In another query, you might change the value of the album title to "Peace":

SELECT a.SingerId
FROM Albums AS a
WHERE a.AlbumTitle = 'Peace' AND a.ReleaseDate >= '2017-01-01'

If your application needs to execute many queries that are similar to this one, in which only a literal value changes in subsequent queries, use a parameter placeholder for that value. The resulting parametric query can be cached and reused, which reduces compilation costs.
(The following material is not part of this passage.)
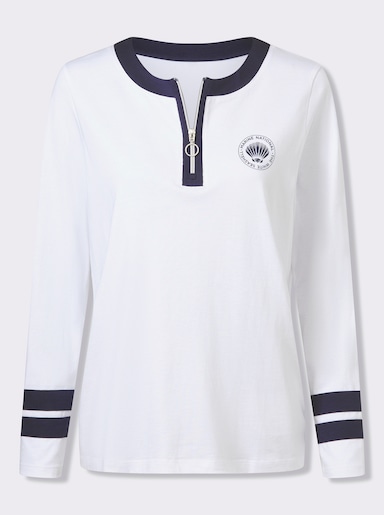 Tričko, dlhé rukávy, kontr. pruhy - biela a námornícka modrá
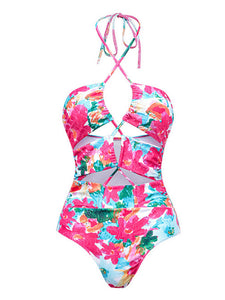 Pink Handmade Flower Halter Ruffles One Piece With Bathing Suit Wrap Skirt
For example, the following rewritten query replaces Love with a parameter named title:

Google Standard SQL

SELECT a.SingerId
FROM Albums AS a
WHERE a.AlbumTitle = @title AND a.ReleaseDate >= '2017-01-01'

A parameter reference in the query uses the @ character followed by the parameter name, which can contain any combination of letters, numbers, and underscores. Specify the query parameter and the value to bind it to in the params field of the ExecuteSQL or ExecuteStreamingSQL request API. Learn more about query parameter syntax in SQL lexical structure and syntax.

PostgreSQL

SELECT a.SingerId
FROM Albums AS a
WHERE a.AlbumTitle = $1 AND a.ReleaseDate >= '2017-01-01'

A parameter reference in the query uses the $ character followed by a number that represents positional parameter in statement.

Parameters can appear anywhere that a literal value is expected. The same parameter name can be used more than once in a single SQL statement.

In summary, query parameters support query execution in the following ways:

  • Pre-optimized plans: Queries that use parameters can be executed faster on each invocation because the parameterization makes it easier for Spanner to cache the execution plan.
  • Simplified query composition: You do not need to escape string values when providing them in query parameters. Query parameters also reduce the risk of syntax errors.
  • Security: Query parameters make your queries more secure by protecting you from various SQL injection attacks. This protection is especially important for queries that you construct from user input.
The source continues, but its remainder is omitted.